1983’teki darbeyle devlet başkanı olan asker kökenli siyasetçi Buhari 2015 ve 2019 seçimlerini de kazandı ve iki dönemdir görev yapıyor. Kendisi Nijerya’nın kuzeyinden ve Fulani kabilesinden bir Müslüman. Gösteriler ise daha çok güney eyaletlerde devam ediyor. Buhari 1983-85 yılları arasındaki askeri rejim döneminde olduğu gibi bugün de yolsuzluklarla mücadele eden bir lider. Birçok insan Buhari’nin askeri rejimini ülke tarihindeki en iyi askeri rejim olarak görüyor. Tuğgeneral olarak ordudan emekli olan Buhari ülke yönetimine sivil olarak da talip oldu ve 2015 ve 2019 seçimlerini kazandı. Buhari Boko Haram sorununun çözülmesi, yolsuzluklarla mücadele ve ekonominin iyileştirilmesi gibi vaatlerde bulunsa da bu sorunlar çözülebilmiş değil. Diğer taraftan ekonomi alanındaki kontrolcü yaklaşımıyla dikkati çeken Buhari, yerli pirinç üretimine destek vermek için ithalatı yasaklayarak ve yolsuzluklarla mücadele ederek sosyoekonomik alanda adımlar atmaya çalışıyor.
- Gösteriler ülkeyi saran bir krize dönüşme tehlikesiyle karşı karşıya
Barışçıl bir şekilde başlayan gösteriler iki hafta sonra çatışmaya dönüştü. Kimliği belirsiz kişilerce SARS karşıtlarına zaman zaman taş, sopa ve palalarla saldırılar düzenlenmesi, güvenlik güçlerinin göstericilere sert müdahalesi, marketlerin yağmalanması ve cezaevlerinden yaşanan firarlar, barışçıl gösterilerin ülkede büyük bir krize dönüşmesine neden oldu ve konuyu uluslararası gündeme taşıdı.
Sonuç olarak, göstericilerin talepleri yerine getirilip SARS lağvedilse bile siyaset, ekonomi ve güvenlik alanlarında ciddi zorluklar yaşayan ülkede uzun vadeli bir çözümün sağlanması zor görünüyor. Son devlet başkanlığı seçimlerine 70 adayın başvurduğunu düşündüğümüzde ise ülkede kırılgan bir muhalefet olduğu tespitini rahatlıkla yapabiliriz. Ana muhalefet lideri Atiku Abubakar da göstericilere destek verdi ve bu haliyle gösteriler, iktidar-muhalefet cepheleşmesine dönüşme tehlikesiyle karşı karşıya.

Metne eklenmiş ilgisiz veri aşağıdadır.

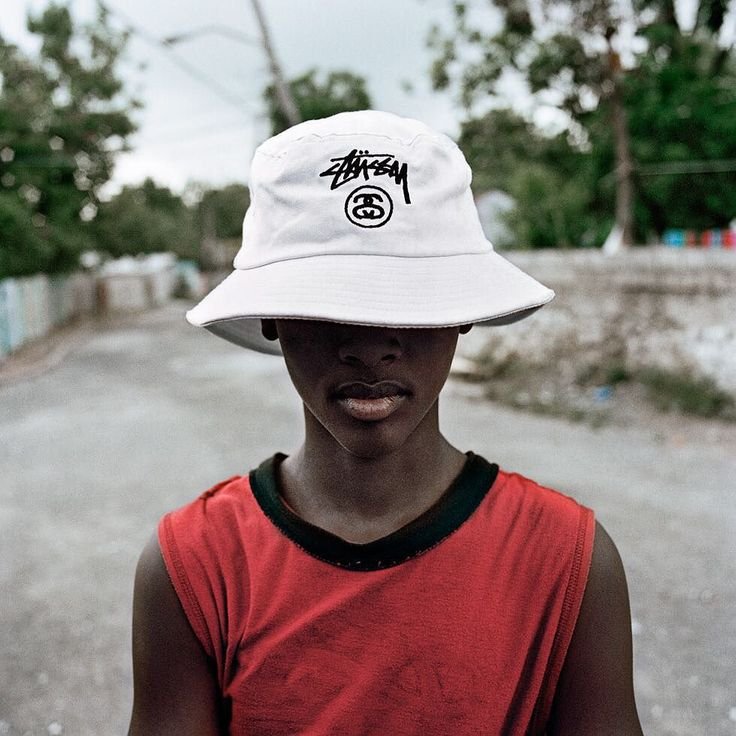 Парень в черной Панаме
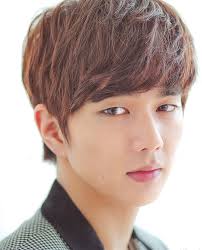 Tiểu So Ji Sub" lần đầu làm người lớn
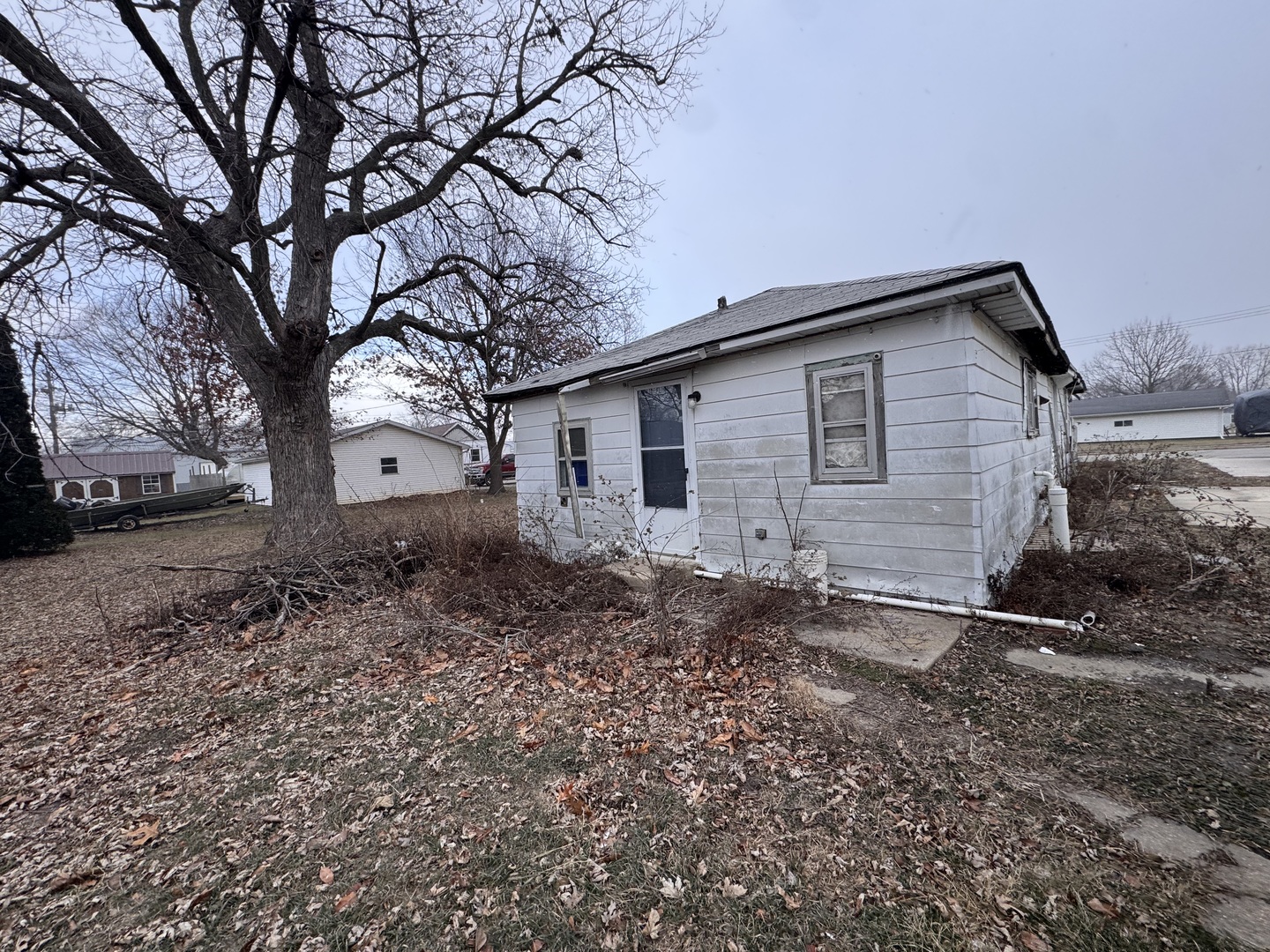 454 South 7th Avenue Canton, IL 61520 - Photo 3 of 7 a backyard of a house with large trees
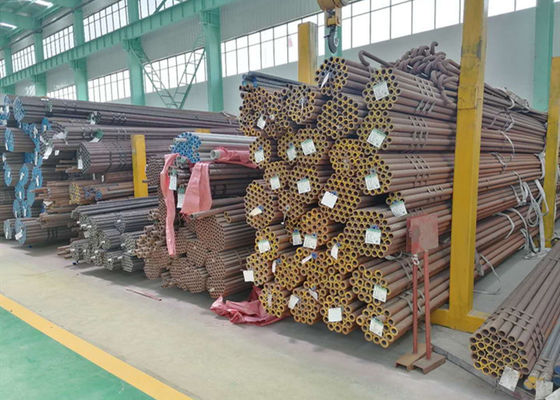 Tubes de chaudière sans couture d'acier au carbone d'ASTM A192 pour la surface huilée par haute pression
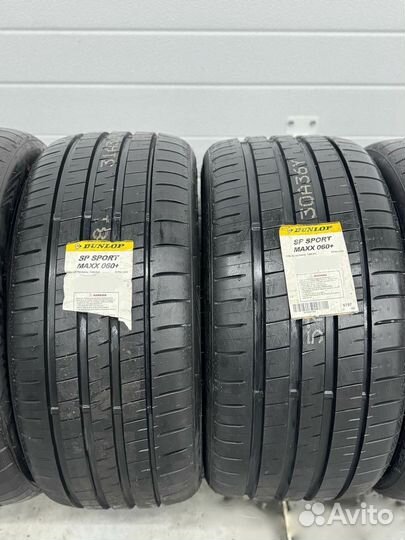 Dunlop SP Sport Maxx 060+ 245/45 R19 и 275/40 R19 103Y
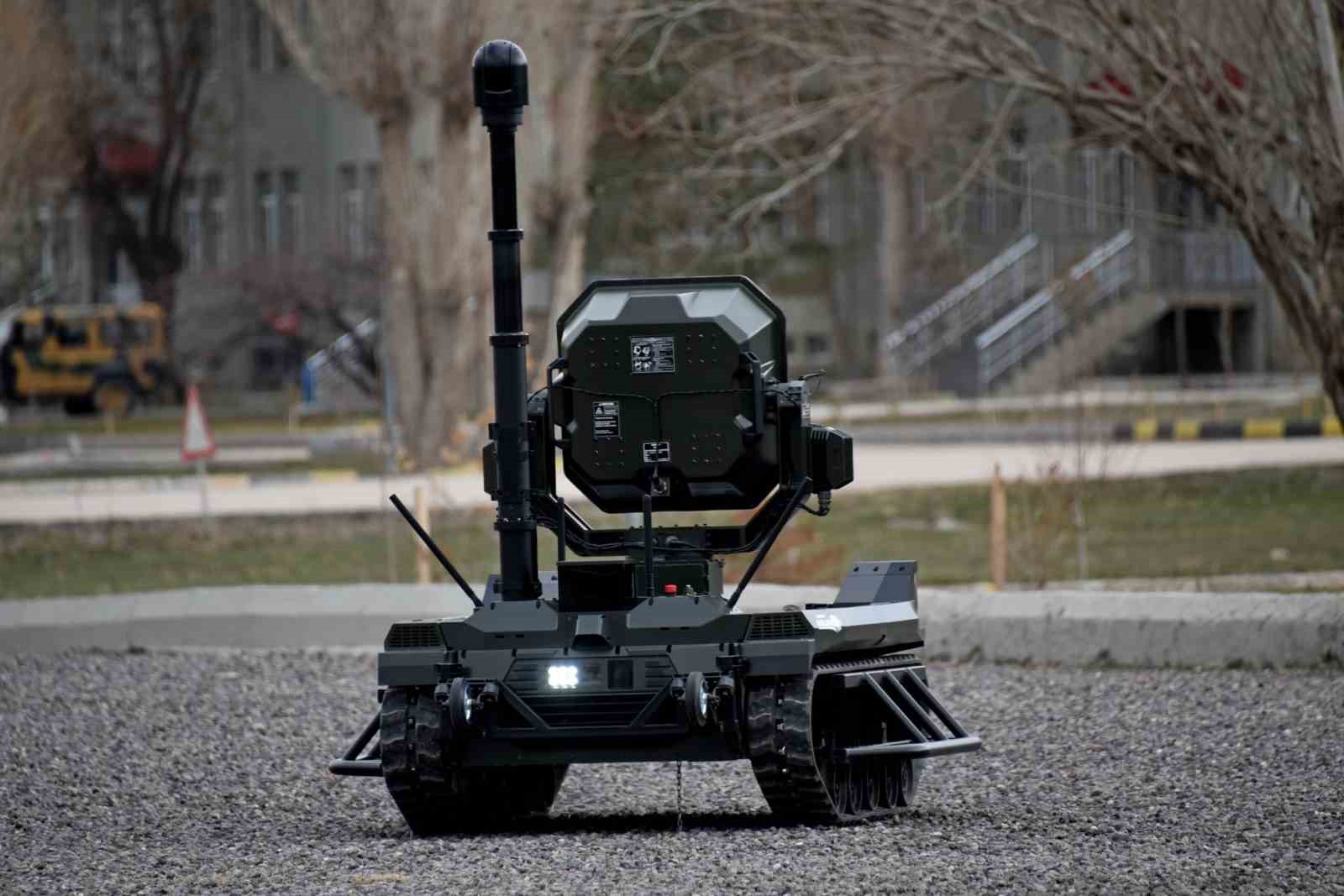 Ağrı’da, ASELSAN’ın geliştirdiği insansız kara aracı “Aslan” tanıtıldı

Profesyonelce ve organize bir şekilde başlayan gösterilerin toplumsal tabanda bir karşılığının olduğu açık ve gün geçtikçe de bu destek artıyor; fakat olaylarda yaşanan can kayıpları ve yaralanmalar, makul taleplerin lekelenmesine ve meşruiyetini kaybetmesine neden olabilir.